Ibnu Katsir menyebutkan didalam tafsirnya,
ففيهما خلاف كثير بين العلماء، فمنهم من قال: يفطران ويفديان ويقضيان. وقيل: يفديان فقط، ولا قضاء. وقيل: يجب القضاء بلا فدية. وقيل: يفطران، ولا فدية ولا قضاء
“Bahwa untuk kedua permasalahan ini terdapat khilaf diantara ulama; sebagian berpendapat mereka harus membayar fidyah dan mengganti puasanya, sebagian berpendapat cukup hanya dengan membayar fidyah saja, ada juga yang berpendapat wajib bagi mereka qadha’ saja, dan ada juga yang lebih ekstrim lagi; tidak fidyah tidak juga qadha’.”(Tafsir Al-Qur’anul ‘Adzim 1:501)
Perbedaan pendapat di kalangan ulama itu didasari pada perbedan pendapat di antara mereka dalam menggolongkan wanita yang hamil dan wanita yang mengusui.
-Seperti Orang Sakit
Pendapat pertama mengatakan bahwa mereka digolongkan kepada orang sakit.
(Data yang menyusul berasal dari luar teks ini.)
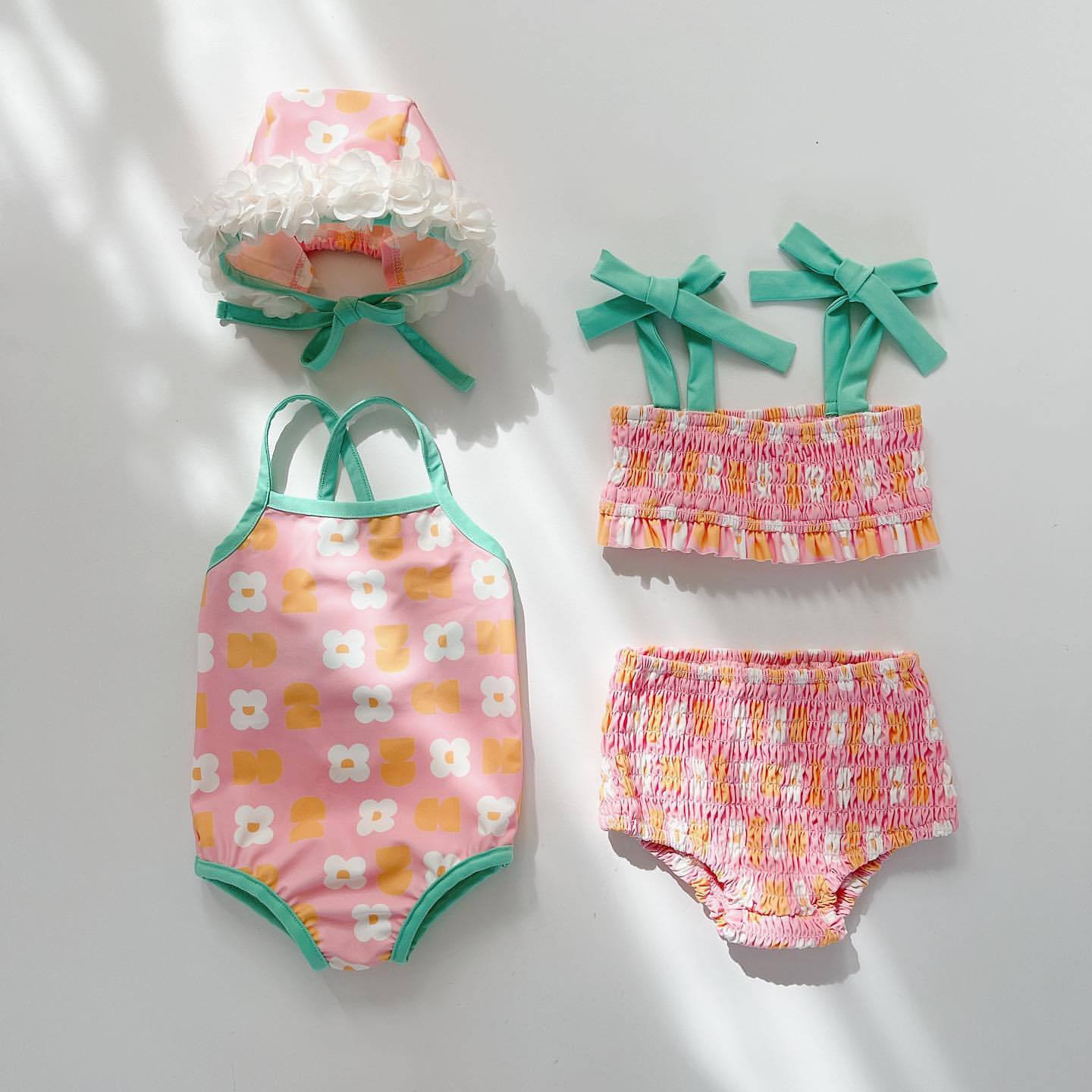 ins韩版女童宝宝花朵带帽连体泳衣新生儿比基尼分体泳衣 Swimsuit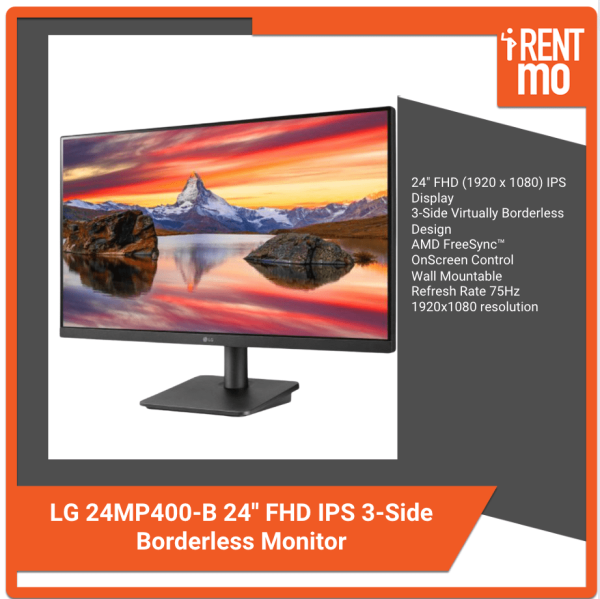 LG 24MP400-B 24'' FHD IPS 3-Side Borderless Monitor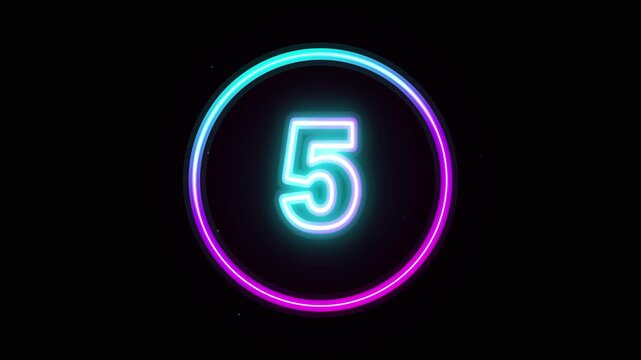 10 second countdown neon. countdown timer showing in circular frame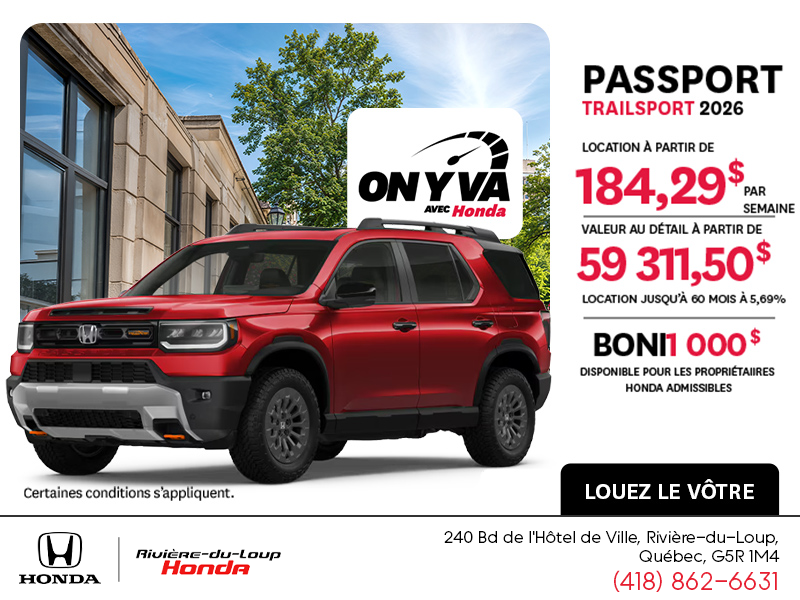 Obtenez la Honda Passport 2026 !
Sehingga cara penggantian puasanya harus sebagaimana orang yang sedang sakit, yaitu dengan cara berpuasa qadha‘ di hari lain. Ini pendapat Imam Al Auzai, Imam Ats-Tsauri, Abu Hanifah.
-Seperti Orang Tidak Mampu
Pendapat kedua menyebutkan bahwa para wanita yang sedang hamil dan sedang menyusui tidak bisa disamakan dengan orang sakit, karena pada dasarnya mereka bukan orang sakit. Mereka lebih tepat digolongkan ke dalam kelompok orang-orang yang tidak kuat atau mampu, seperti orang yang sudah tua bangka atau jompo.
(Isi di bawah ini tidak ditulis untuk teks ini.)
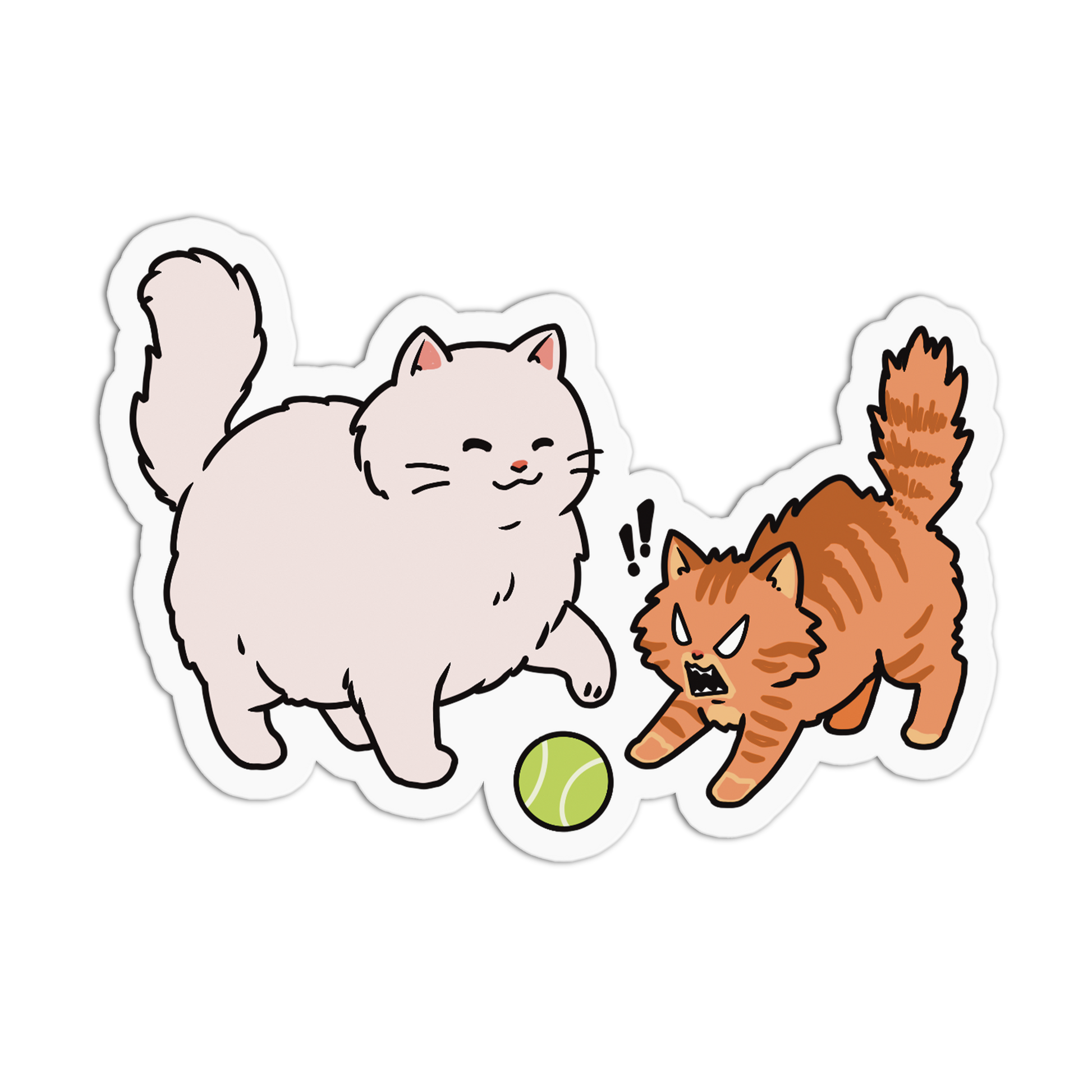 Cartoon illustration of two cats playing with a ball on a transparent background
Untuk itu orang-orang yang tidak mampu berpuasa itu tidak mengganti dengan berpuasa di hari lain. Namun cukup bagi mereka membayar fidyah, memberi makan kepada fakir miskin. Ini merupakan pendapat Ibnu Abbas dan Ibnu Umar.
Sebagaimana mereka yang sudah lanjut usia, karena lemah fisiknya mereka dibolehkan berbuka dan mereka diwajibkan membayar fidyah saja, tanpa harus mengganti puasa dihari lainnya, pun begitu dengan ibu hamil dan menyusui mereka hanya diminta membayar fidyah juga.
Sebagaimana firman Allah berikut:
وَعَلَى الَّذِينَ يُطِيقُونَهُ فِدْيَةٌ طَعَامُ مِسْكِينٍ
“Dan wajib bagi orang-orang yang berat menjalankannya (jika mereka tidak berpuasa) membayar fid-yah, (yaitu): Memberi makan seorang miskin” (Al-Baqarah : 184)
Diriwayatkan dari Ibnu Abbas bahwa beliau pernah meminta perempuan hamil untuk berbuka dibulan puasa dan berkata:
أنت بمنزلة الكبير لا يطيق الصيام، فافطري، وأطعمي، عن كل يوم نصف صاع من حنطة
“Kalian seperti orang yang sudah lanjut usia yang sudah tidak kuat untukberpuasa, maka berbuka saja, dan berilah makan orang miskin (membayar fidyah) disetiap hari yang ditinggalkan setengah sho’ dari hinthah”
-Pendapat Ketiga
Adapun pendapat ketiga yang mengatakan wajib bagi wanita hamil dan menyusui Qadha dan Fidyah, maka mereka menyamakan dengan orang sakit dan tidak mampu, pendapat ini didukung Madzhab Syafiiyah.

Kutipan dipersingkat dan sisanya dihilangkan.